Незабываемы были многие премьеры Большого театра. На спектаклях, которые вел Сук, как-то: «Сказание о невидимом граде Китеже» или «Саломея» Рихарда Штрауса, – дирижерский пульт всегда был украшен цветами. Когда шла «Хованщина», публика устраивала долгие овации хору, которым руководил Авранек. После каждого спектакля «Китежа» до утра бродили по спящему городу, вновь и вновь переживая услышанное и увиденное. Однажды в то время случилось Алексею Федоровичу ехать в поезде на юг. Какой-то человек на верхней полке напел «Хор калик перехожих» из «Китежа». Алексей Федорович просвистел продолжение, пассажир пел дальше, пока оба, обрадовавшись, не заговорили.
Такова была сила впечатления, производимого спектаклями Большого театра не только на музыкантов, но и на чутких слушателей того времени, когда музыка и опера были событием в духовной жизни человека.
Вся свежесть революционных исканий московских театров того времени, с их дерзновениями, ошибками и взлетами, поразившими весь мир, захватила молодого музыканта – Театр Мейерхольда, Камерный театр Таирова, Театр революции, Вахтангова и особенно близкий и восхищавший всего сильней Второй художественный театр[27] с Михаилом Александровичем Чеховым во главе. Великий Михаил Чехов был загадкой и потрясением, в нем таилась какая-то непонятная магнетическая сила. Она заставляла зрительный зал подчиняться мгновенно и отдаваться во власть этого неповторимого хриплого голоса. И если он посылал в зал такую энергию, потрясавшую сердца зрителей, то сам после спектакля «Эрик Четырнадцатый» Стриндберга, где играл больного безумного короля, болел несколько дней, и иногда его даже увозили в клинику для нервнобольных.

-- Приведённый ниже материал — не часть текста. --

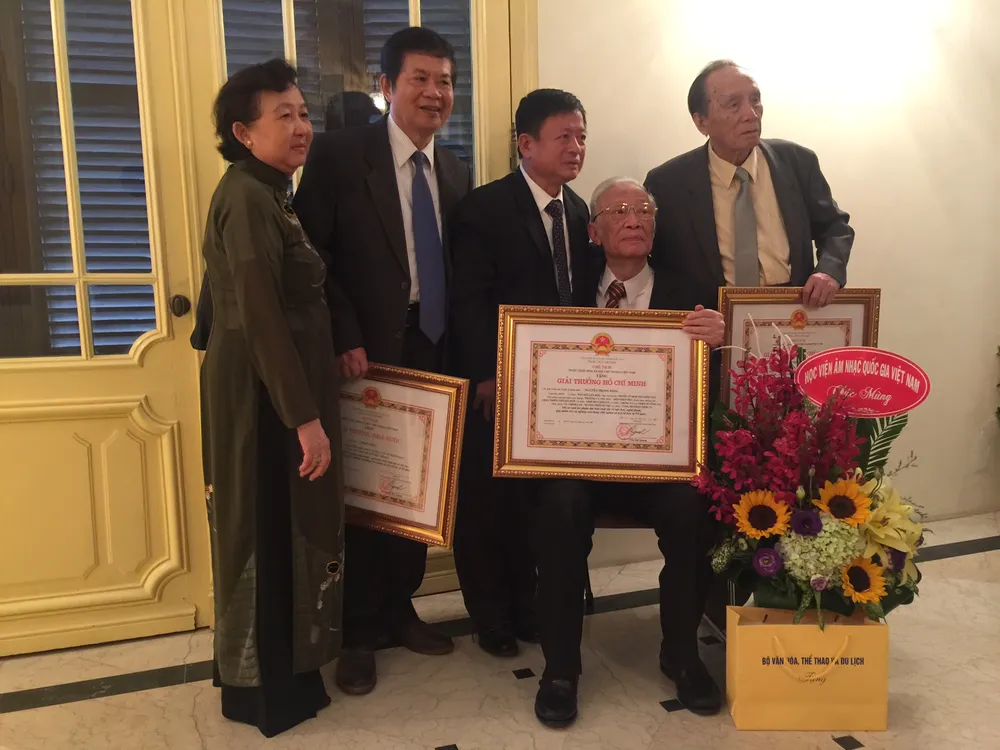 Trao Giải thưởng Hồ Chí Minh về Văn học nghệ thuật ảnh 1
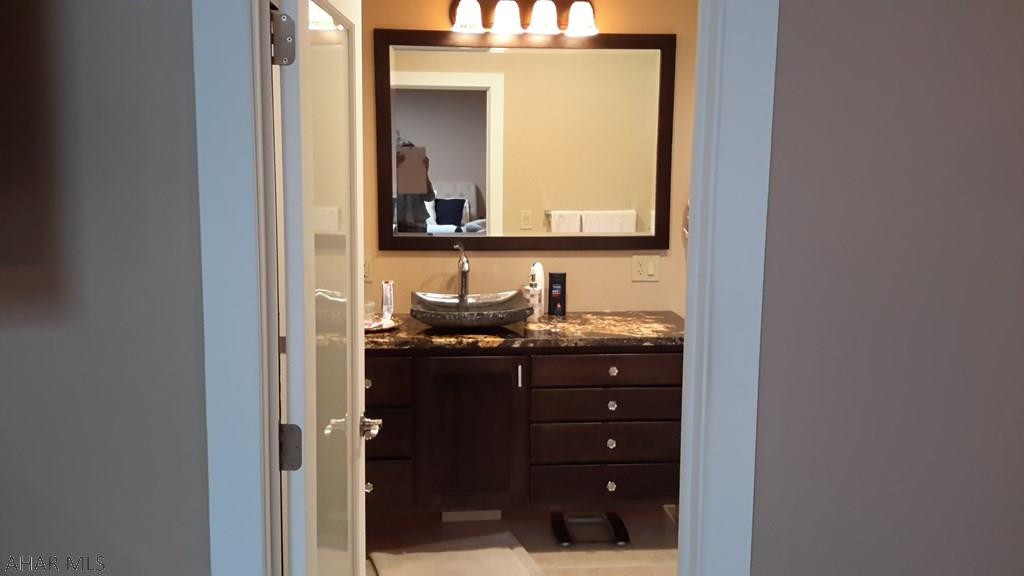 Mountain House Grounds - Residential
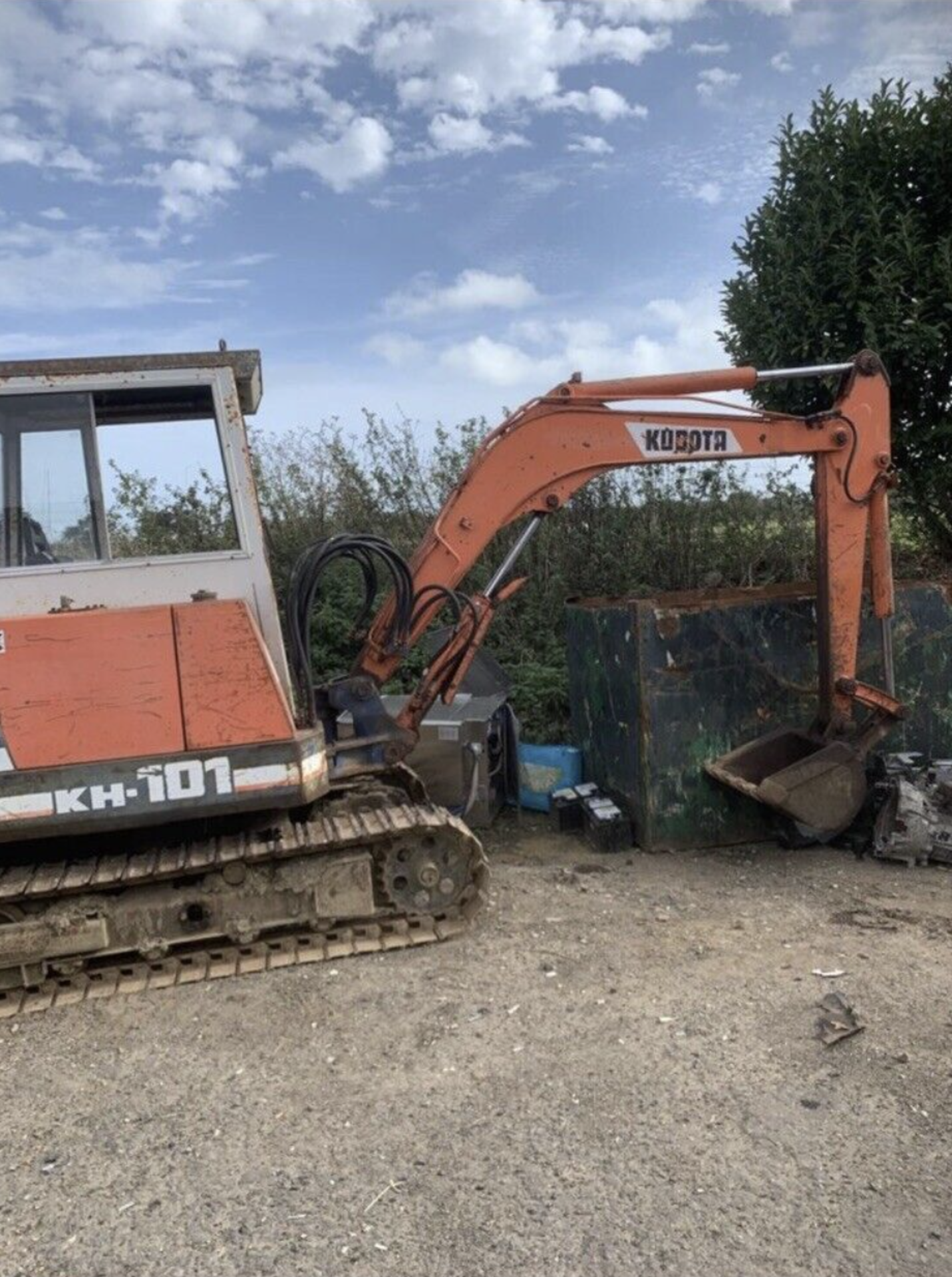 KUBOTA KH101 Digger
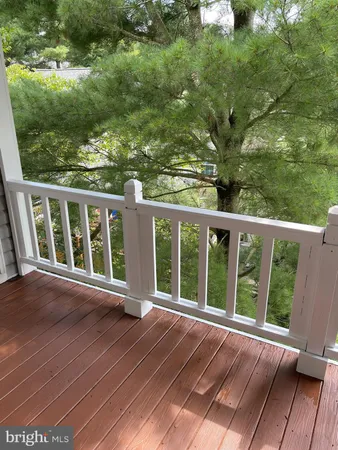 $1,950 | 12220 Eagles Nest Court, Unit L, Germantown, MD 20874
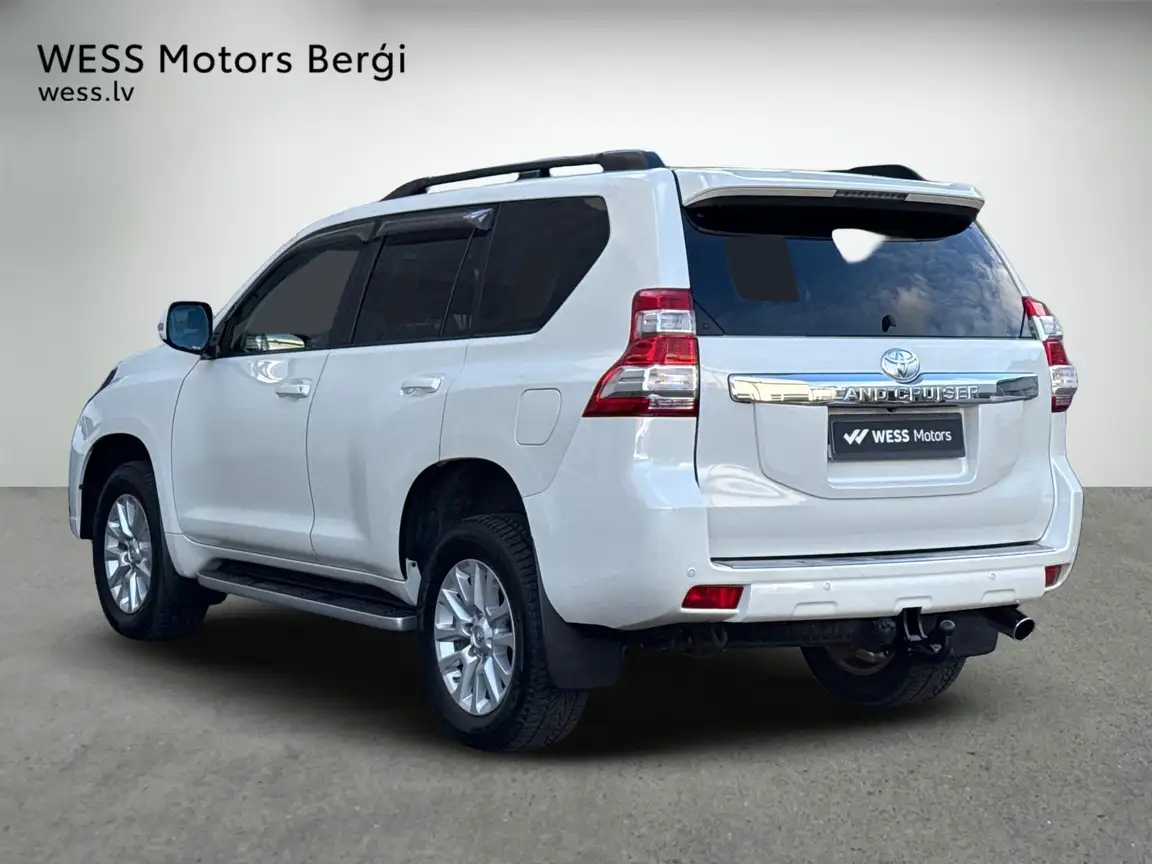 TOYOTA LAND CRUISER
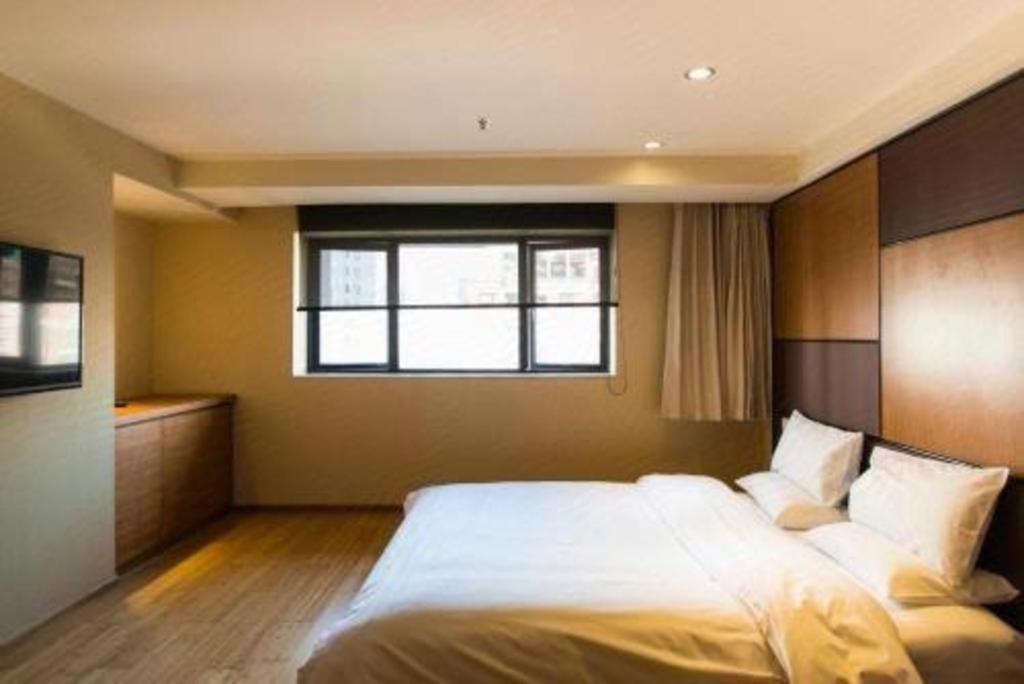 Ji Hotel Shanghai The Bund Tiantong Road Esterno foto
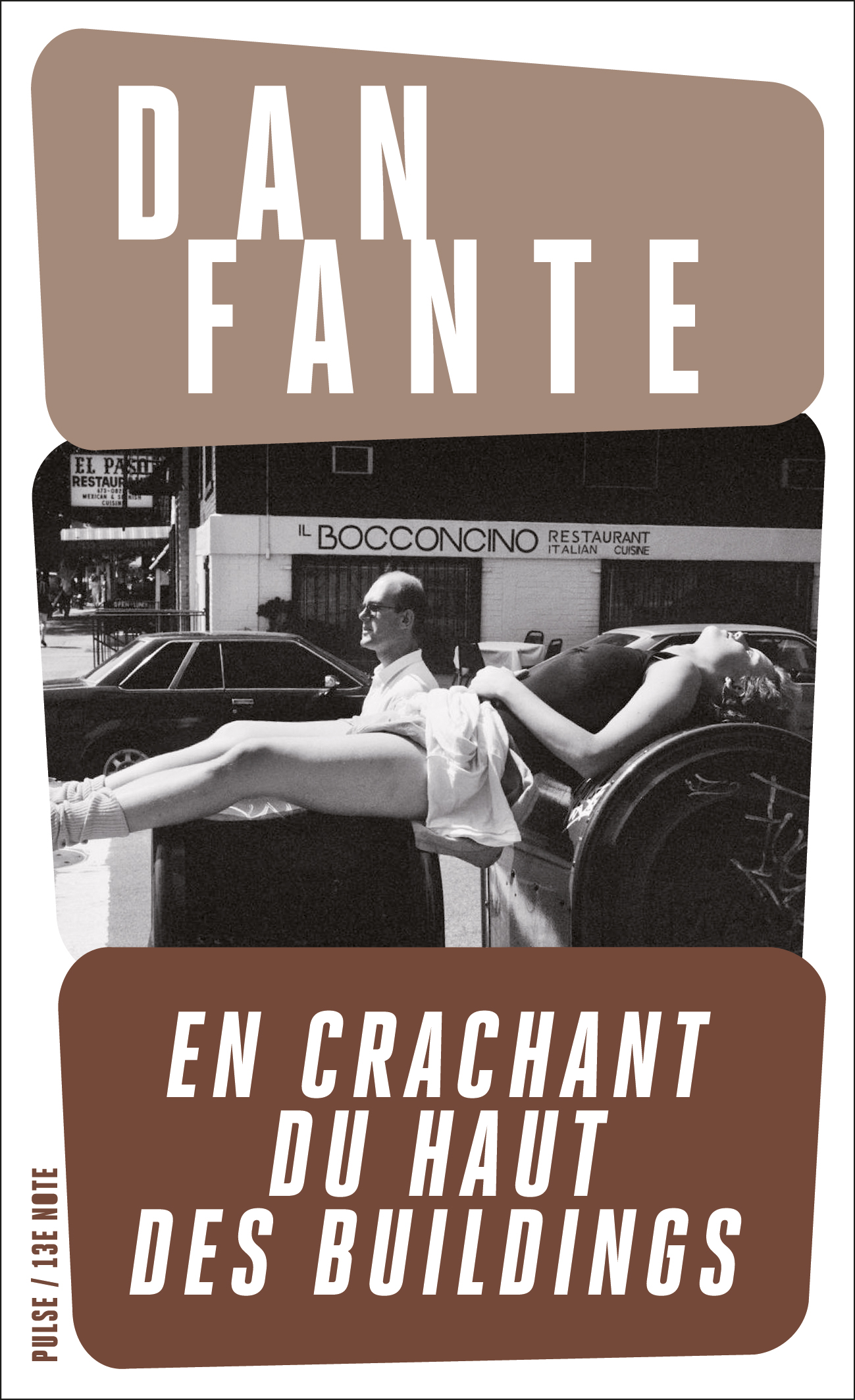 En crachant du haut des buildings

Молодежь тех дней довольно прохладно относилась к Малому театру и главному МХАТу. Лишь появление там булгаковских «Дней Турбиных» с ослепительным составом молодых исполнителей – Яншина, Соколовой, Прудкина и других – покорило москвичей всех поколений.
В эти же годы большую роль в жизни молодого Козловского играет поэзия, чужая и собственная. Собственная вначале была несамостоятельная, но постепенно она приобрела свежесть и свое лицо и стала потребностью самовыражения. У него была поразительная память на литературное слово. Он мог читать наизусть целые главы прозы Лермонтова, Толстого, особенно – любимого Гоголя. Тютчев, Пушкин, Лермонтов были частью его бытия. Непонятно, когда и как он стал тончайшим знатоком технических тайн стихотворных форм и стилей, особенностей не только русской и европейской поэзии, но и восточной, древнегреческой и латинской. Здесь его познания и чувство были на редкость изощренными, удивляли поэтов, и они побаивались его безошибочного слуха.
Но если до Москвы чаще всего он жил поэзией прошлых веков, то здесь он вдруг открыл для себя других поэтов, захвативших его. Первым открытием стал Велимир Хлебников. Минуя математику и философские рассуждения, Алексей Козловский шел прямиком к его гениальному чувству поэтического слова и магии образа. Вторым поэтом, который увлек его дерзостью и озорством, был молодой Николай Заболоцкий. И хотя Алексей Федорович ценил ясность и стройность зрелого и позднего Заболоцкого, но в душе жалел об утраченном пыле и своеобразии его ранних стихов.